Ian Fraser journalist, author, broadcaster

Eurozone ‘at risk’ unless ECB softens currency line

Eurozone in crisis: There were protests and riots in Athens as the Greek parliament passed a 30 billion euro austerity bill.
There were protests and riots in Athens as the Greek parliament prepared to pass a 30 billion euro austerity bill.

The entire eurozone is at risk unless the European Central Bank softens its stance towards the value of the euro and indulges Greece and other troubled member states, a leading Edinburgh-based financial expert has warned.

Speaking at a conference in Edinburgh, Russell Napier, strategist with brokers CLSA, as well as author of Anatomy of the Bear: Lessons from Wall Street’s Four Great Bottoms, and founder of the Practical History of the Financial Markets course, said: “At the moment the European Central Bank is prizing price stability above all else.
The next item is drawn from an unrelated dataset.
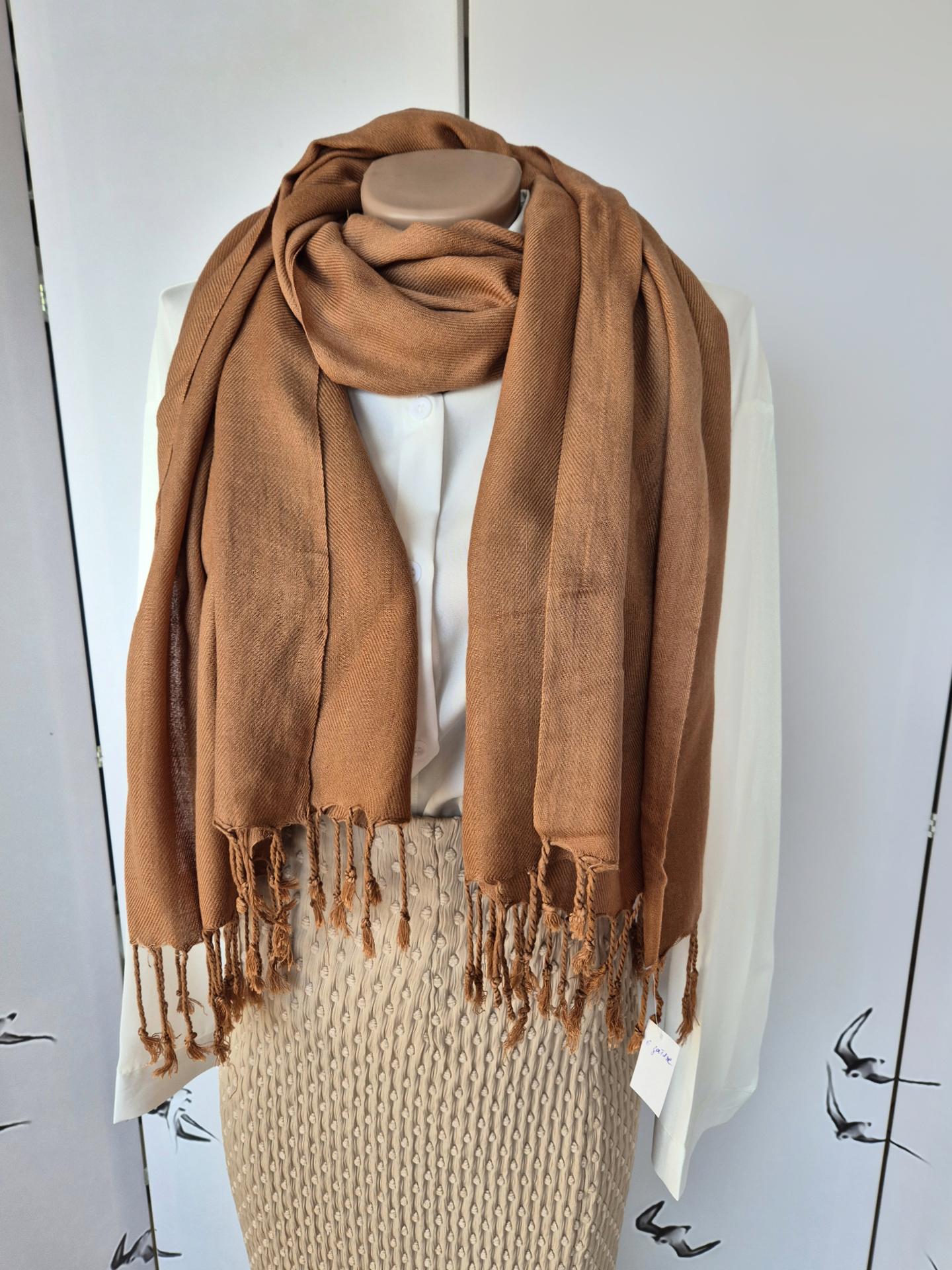 Шарф-палантин женский однотонный с кистями весна-осень 174х74 см Бежевый (14977)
This has got to change.

“We need a euro that is built around growth and inflation, not one that is built around a hard currency.
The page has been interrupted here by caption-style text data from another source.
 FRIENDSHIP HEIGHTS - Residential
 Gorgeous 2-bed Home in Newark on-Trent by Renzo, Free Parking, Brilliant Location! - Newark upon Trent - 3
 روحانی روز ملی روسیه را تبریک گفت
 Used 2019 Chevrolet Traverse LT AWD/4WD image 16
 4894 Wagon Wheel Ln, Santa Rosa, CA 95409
“The key goal of monetary policy ought to be structural in nature – to hold the euro together. If that can only be done by permitting higher inflation in the next economic expansion, then that is a price which has to be paid.”
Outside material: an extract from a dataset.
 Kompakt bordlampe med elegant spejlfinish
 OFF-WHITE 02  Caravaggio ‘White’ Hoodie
Napier, also a non-executive director of Scottish Investment Trust and Mid Wynd Investment Trust, stressed he was speaking in a personal capacity.

When the eurozone became a straitjacket

The PIIGS countries – Portugal, Italy, Ireland Greece and Spain – remain severely economically-challenged. Their national accounts have been weakened following decades of fiscal irresponsibility and over-dependence on borrowing. Some, notably Greece, are struggling to service their debts and may need bailouts.

Their membership of the eurozone has placed them in a straitjacket where the former means of salvaging a broken economy, using inflation and the devaluation of currencies to restore economic equilibrium, have become impossible.

Although the euro has lost 10 per cent of its value against the US dollar since the end of November 2009 – when the focus of fears about sovereign debt defaults shifted from Dubai to the eurozone – Napier does not believe its value has fallen anywhere near enough.

He said: “The ECB governors don’t seem to recognise that it is politically impossible to impose nominal pay cuts of 20%. Wages are just one of the costs which have to adjust downwards to make Greece competitive.”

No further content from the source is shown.